ジクロロメタン

ジクロロメタンとは

ジクロロメタンとは、強く甘い芳香を有する無色の液体です。

別名ジクロロメタンは、「二塩化メチレン」「塩化メチレン」「メチレンクロリド」とも呼ばれ、DCMやMDCと略される場合もあります。ジクロロメタンが皮膚に触れると、弱い刺激を受けたり、薬傷を負ったりする可能性が高いです。

蒸気には麻酔作用があるため、短時間に多量の蒸気を吸引すると、急性中毒を起こす恐れもあり、使用する際には注意が必要です。ジクロロメタンは、塩化メチルを塩素化する方法のほか、クロロホルム亜鉛酢酸で還元する方法などで生成されます。

ジクロロメタンの使用用途

ジクロロメタンは、冷媒や金属機器・プリント基板等の洗浄剤、ウレタンの発泡助剤、塗料の剥離剤、エアロゾルの噴射剤など、工業的に広く利用されています。また、有機物をよく溶解する重要な溶剤でもあるため、高純度を必要とする低沸点溶剤としても広く使用可能です。

具体的には、ポリカーボネートの反応溶剤や医農薬の溶剤としての用途が挙げられます。ジクロロメタンは、液体クロマトグラフィー (英: Liquid Chromatography) などの精密分析を含め、各種試薬としても使用されています。

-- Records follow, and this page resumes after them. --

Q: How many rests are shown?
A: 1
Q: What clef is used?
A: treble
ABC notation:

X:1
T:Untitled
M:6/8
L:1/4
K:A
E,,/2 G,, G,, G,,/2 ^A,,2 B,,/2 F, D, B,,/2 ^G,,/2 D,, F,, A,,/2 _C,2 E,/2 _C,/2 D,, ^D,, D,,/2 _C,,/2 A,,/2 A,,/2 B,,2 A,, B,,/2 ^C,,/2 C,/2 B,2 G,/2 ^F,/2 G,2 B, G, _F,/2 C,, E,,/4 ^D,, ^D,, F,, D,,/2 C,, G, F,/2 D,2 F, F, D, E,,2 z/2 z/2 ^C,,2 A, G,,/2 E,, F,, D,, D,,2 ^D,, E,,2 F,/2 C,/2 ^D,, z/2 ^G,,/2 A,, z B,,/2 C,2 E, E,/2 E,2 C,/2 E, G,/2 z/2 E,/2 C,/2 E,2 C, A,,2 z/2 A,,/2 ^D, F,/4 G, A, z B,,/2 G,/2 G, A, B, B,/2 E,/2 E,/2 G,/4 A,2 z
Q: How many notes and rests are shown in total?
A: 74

不燃性で引火の危険がなく、他のハロゲン化炭化水素と比較して毒性も低いことなどから、トリクロロエチレンの代替物質としても用いることが可能です。

ジクロロメタンの性質

ジクロロメタンは、メタン (CH4) の持つ2つの水素原子が塩素原子で置換された化合物です。密度は1.3266g/cm³、融点は−96.7°C、沸点は40°C、化学式はCH2Cl2、モル質量は84.93です。

湿気によって加水分解し、大気中では容易に光化学分解します。ジクロロメタンは揮発性のある水より重たい無色透明の液体です。芳香臭を有し、非引火性かつ不燃性です。

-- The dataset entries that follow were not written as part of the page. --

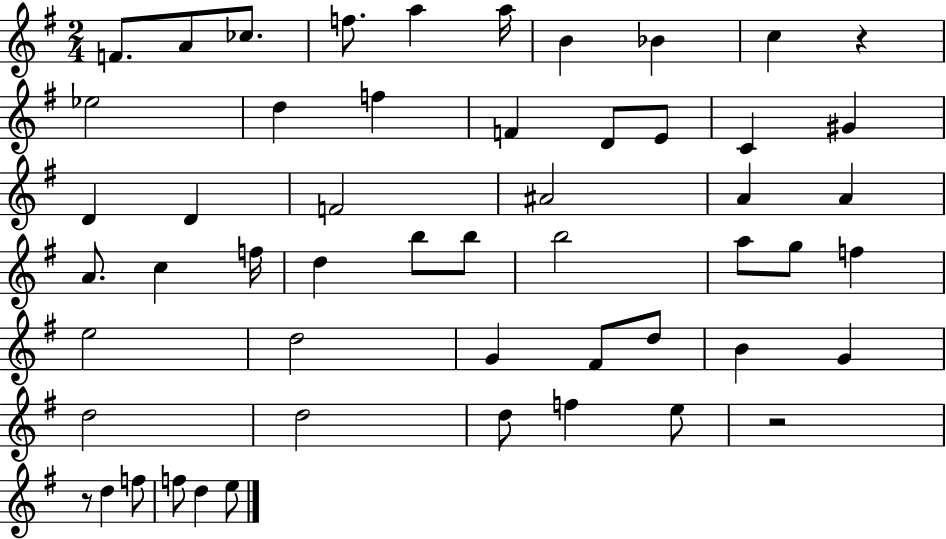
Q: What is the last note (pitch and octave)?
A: E5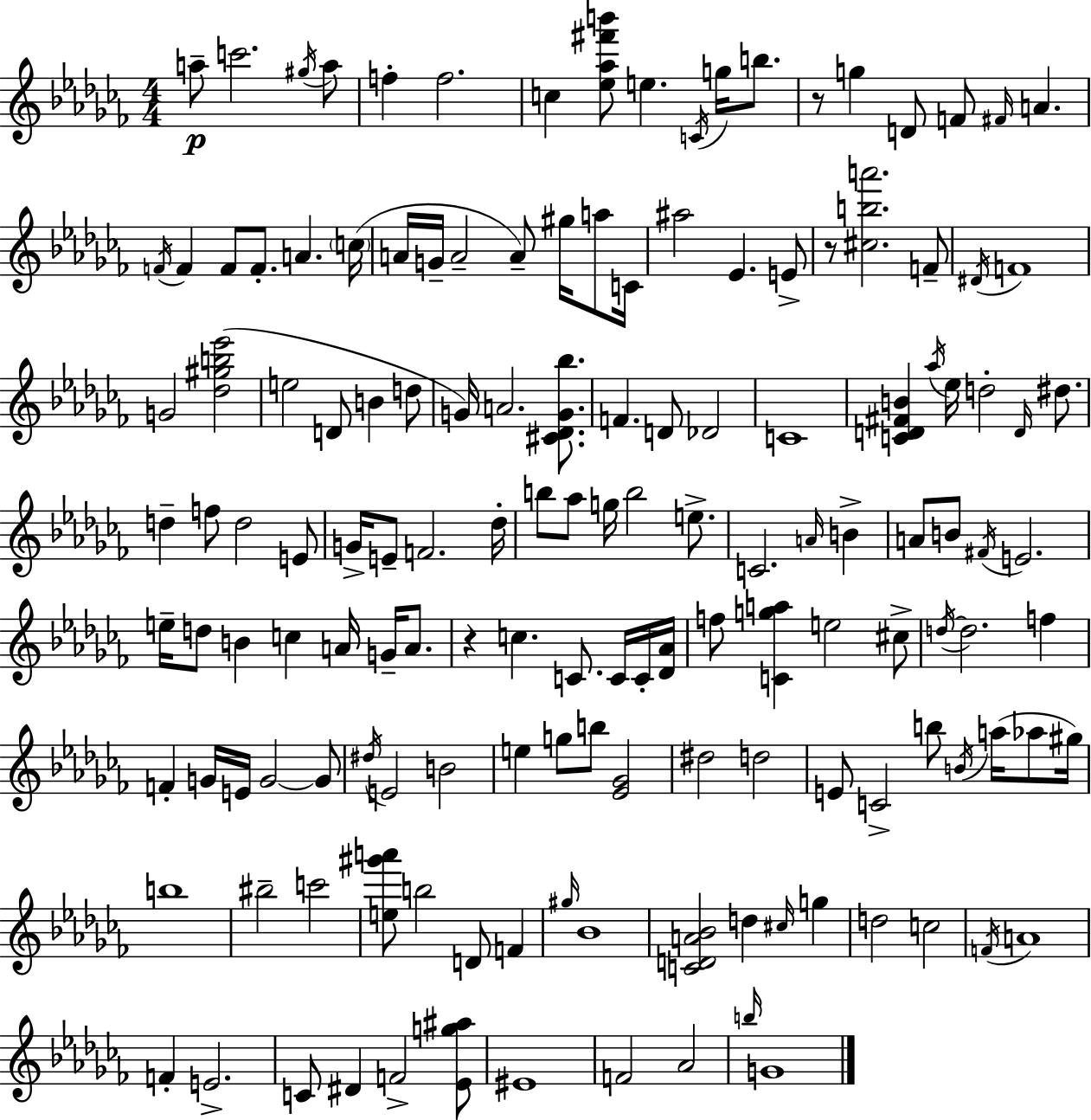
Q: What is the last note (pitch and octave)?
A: G4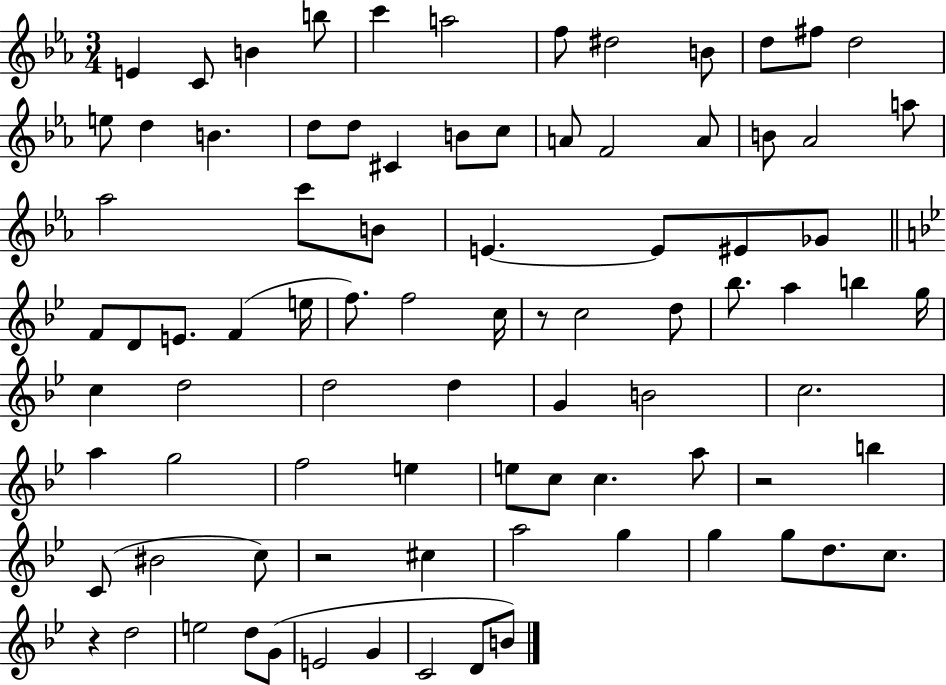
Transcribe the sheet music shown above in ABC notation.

X:1
T:Untitled
M:3/4
L:1/4
K:Eb
E C/2 B b/2 c' a2 f/2 ^d2 B/2 d/2 ^f/2 d2 e/2 d B d/2 d/2 ^C B/2 c/2 A/2 F2 A/2 B/2 _A2 a/2 _a2 c'/2 B/2 E E/2 ^E/2 _G/2 F/2 D/2 E/2 F e/4 f/2 f2 c/4 z/2 c2 d/2 _b/2 a b g/4 c d2 d2 d G B2 c2 a g2 f2 e e/2 c/2 c a/2 z2 b C/2 ^B2 c/2 z2 ^c a2 g g g/2 d/2 c/2 z d2 e2 d/2 G/2 E2 G C2 D/2 B/2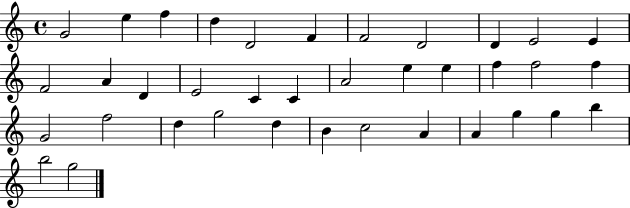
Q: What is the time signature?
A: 4/4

ジクロロメタンは、エタノールジエチルエーテルに極めて溶けやすく、水にやや溶けにくいです。さらに、ジクロロメタンは、非常に数多くの種類の有機化合物を溶解します。

ジクロロメタンのその他情報

1. ジクロロメタンの合成法

工業的にジクロロメタンは、メタンやクロロメタン (塩化メチル) を400〜500℃で塩素と気相でラジカル反応させることで生成します。メタンよりクロロメタンは早く塩素化され、メタンの水素原子 (H) が塩素原子 (Cl) で多置換された混合物を得ることが可能です。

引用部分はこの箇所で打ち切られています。